The Democrats, who draw much of their support from Hispanic communities in California, Texas and elsewhere — claim it is a waste of taxpayers’ money.

But a poll by the Pew Research Center discovered 82 percent of Republicans and Republican-leaning independents favour building the wall, a record high since PEW began asking the question in 2016, and Trump has no intention of backing down over his signature policy, which is designed to reduce the number of illegal immigrants in the US.

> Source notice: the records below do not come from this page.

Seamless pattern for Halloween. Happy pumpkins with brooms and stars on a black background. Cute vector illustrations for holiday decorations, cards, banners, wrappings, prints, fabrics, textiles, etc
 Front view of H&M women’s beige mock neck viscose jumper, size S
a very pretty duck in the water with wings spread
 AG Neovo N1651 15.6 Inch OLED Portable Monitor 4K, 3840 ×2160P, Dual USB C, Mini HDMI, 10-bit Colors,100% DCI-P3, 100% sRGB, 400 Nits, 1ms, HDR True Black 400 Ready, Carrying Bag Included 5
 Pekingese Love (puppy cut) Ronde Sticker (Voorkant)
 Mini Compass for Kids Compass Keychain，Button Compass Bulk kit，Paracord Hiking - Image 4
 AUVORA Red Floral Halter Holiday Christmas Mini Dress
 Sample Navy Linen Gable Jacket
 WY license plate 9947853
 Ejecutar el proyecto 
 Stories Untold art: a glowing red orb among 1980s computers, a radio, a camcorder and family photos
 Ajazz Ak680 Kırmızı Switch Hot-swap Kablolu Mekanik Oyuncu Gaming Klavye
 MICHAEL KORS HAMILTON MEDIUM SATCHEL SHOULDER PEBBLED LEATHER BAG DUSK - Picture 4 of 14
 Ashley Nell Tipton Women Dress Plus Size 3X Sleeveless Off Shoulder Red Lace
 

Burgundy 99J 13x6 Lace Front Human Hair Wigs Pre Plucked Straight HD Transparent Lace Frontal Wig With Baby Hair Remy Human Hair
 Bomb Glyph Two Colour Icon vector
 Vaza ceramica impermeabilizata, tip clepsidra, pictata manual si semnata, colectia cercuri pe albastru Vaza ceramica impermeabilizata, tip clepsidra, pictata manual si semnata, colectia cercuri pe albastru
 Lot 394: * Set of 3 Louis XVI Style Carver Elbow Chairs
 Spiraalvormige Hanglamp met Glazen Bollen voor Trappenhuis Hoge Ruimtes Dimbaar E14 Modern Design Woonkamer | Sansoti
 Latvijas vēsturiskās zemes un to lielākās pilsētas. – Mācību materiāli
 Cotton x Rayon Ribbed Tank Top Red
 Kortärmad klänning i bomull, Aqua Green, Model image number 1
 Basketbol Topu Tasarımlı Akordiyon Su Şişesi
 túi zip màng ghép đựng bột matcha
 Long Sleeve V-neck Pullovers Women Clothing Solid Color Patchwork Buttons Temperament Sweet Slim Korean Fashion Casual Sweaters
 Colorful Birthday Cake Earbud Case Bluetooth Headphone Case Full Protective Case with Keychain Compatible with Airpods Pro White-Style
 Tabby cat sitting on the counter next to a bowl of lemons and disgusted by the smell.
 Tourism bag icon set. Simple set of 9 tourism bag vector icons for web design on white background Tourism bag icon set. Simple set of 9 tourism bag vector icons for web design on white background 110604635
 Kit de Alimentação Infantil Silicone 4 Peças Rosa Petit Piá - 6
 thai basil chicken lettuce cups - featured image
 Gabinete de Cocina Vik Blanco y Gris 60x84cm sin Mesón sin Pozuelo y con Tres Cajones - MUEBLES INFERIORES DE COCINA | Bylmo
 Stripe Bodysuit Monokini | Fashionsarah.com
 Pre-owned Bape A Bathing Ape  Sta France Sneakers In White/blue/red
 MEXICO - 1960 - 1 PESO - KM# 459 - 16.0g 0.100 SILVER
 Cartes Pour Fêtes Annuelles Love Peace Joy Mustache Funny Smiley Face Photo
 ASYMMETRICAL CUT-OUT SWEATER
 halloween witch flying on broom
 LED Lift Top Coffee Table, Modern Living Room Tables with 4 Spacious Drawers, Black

President Donald Trump and Vice President Mike Pence meet with Senate Minority Leader Chuck Schumer, D-N.Y., and House Minority Leader Nancy Pelosi, D-Calif., in the Oval Office of the White House, Tuesday, Dec. 11, 2018, in Washington.

The impasse led to a partial shutdown of the federal government, which has meant 800,000 federal workers have missed their paychecks since 22 December.he State Department, the Justice Department, the Transportation Department, the Agriculture Department, and the Department of the Interior are among those affected by the shutdown.

Also affected are the White House catering staff.

On Thursday, January 17, Trump sent a letter to Pelosi informing her that her trip to Brussels, Egypt and Afghanistan was cancelled as a result of the current US government shutdown.

He has refused to sanction her using a military plane to make the trip because he wants her to be in Washington to continue negotiations on reaching a deal on the budget, which would end the shutdown.